Elixir vs Ruby: File I/O performance (updated)
Is Elixir an equal replacement for Ruby when it comes to processing files line by line in command line scripts or background jobs?
Recently, I've stumbled upon this thread on Elixir Forum and it got me interested. It turned out that reading and processing a big CSV file in Elixir is as much as 4 times slower than in Ruby, which itself is well known not to be a speed racer. I've done some research, developed the attached code further by applying suggested optimizations and so here's the results.
Update: I've received some excellent feedback on the Elixir Forum from @sasajuric, the author of the Elixir in Action book and The Erlangelist blog. As a result I've rewritten some parts of this article to better present the newest findings and make more truthful conclusions out of them. It's also restructured to better present the whole thinking process.
But first of all, I'd like to explain why I've put my time into researching this, even though I'm not implementing any file parser myself at the time. There's a bunch of reasons:
- It's nice to touch and understand all the basic modules of the language's standard library. And in this case, quite a few are involved - namely File, IO and Stream. Ultimately, these are the basic building blocks of all sophisticated applications that we end up with.

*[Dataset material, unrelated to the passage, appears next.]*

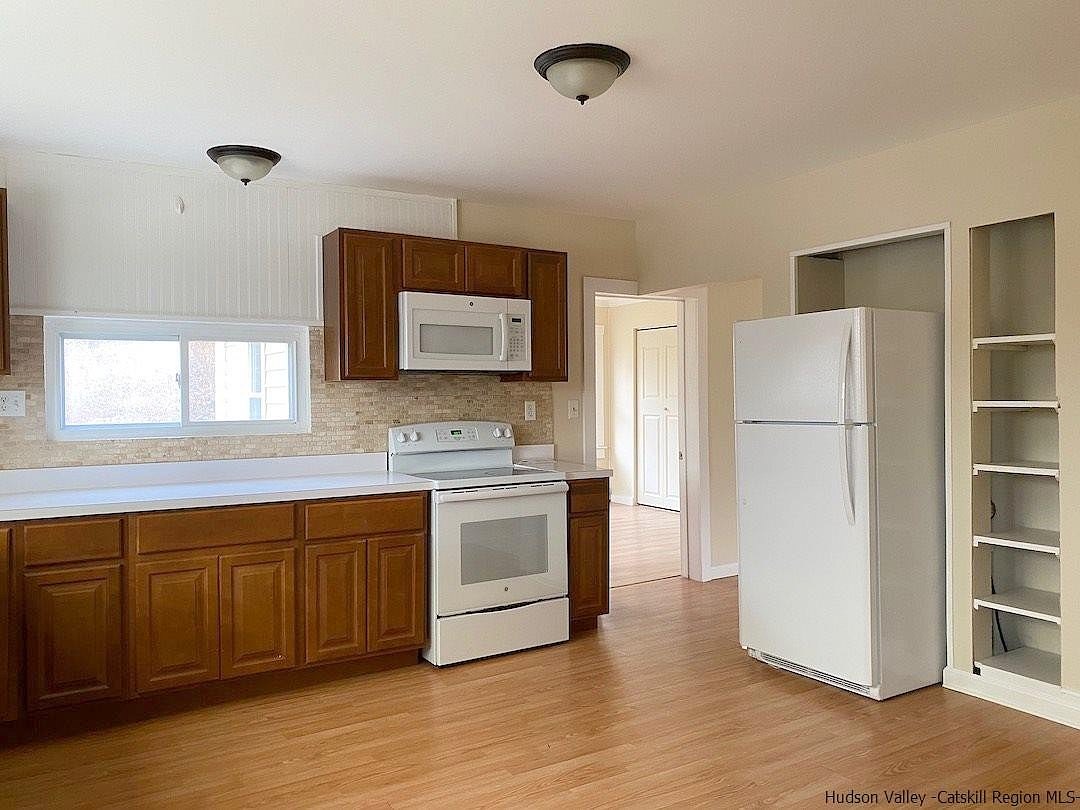 245-249 Lattintown Rd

- Understanding limitations of those basic building blocks may come useful when performance of the whole system is bad and you'll have to pin down the bottleneck.
- It may also be a crucial knowledge when choosing the framework for the project and/or for choosing the most fitting tool for a job such as writing even a tiniest microservice.
- If you ever apply for an Elixir job, you may end up writing some basic tool, as interviewers often go after your basic language knowledge and basic problem solving skills (I can assure you that's the case in the company I'm working at right now).
- Lastly, I just love to write some shell script from time to time and I'd like to know what to expect from Elixir especially since it's so easy here with
In general, when you work on kickass web applications, it's quite common that you may need to get back to basics from time to time. Whether the subject may be a simple command-line tool or a vital part of the app, it's nice to be ready to jump in and do it right.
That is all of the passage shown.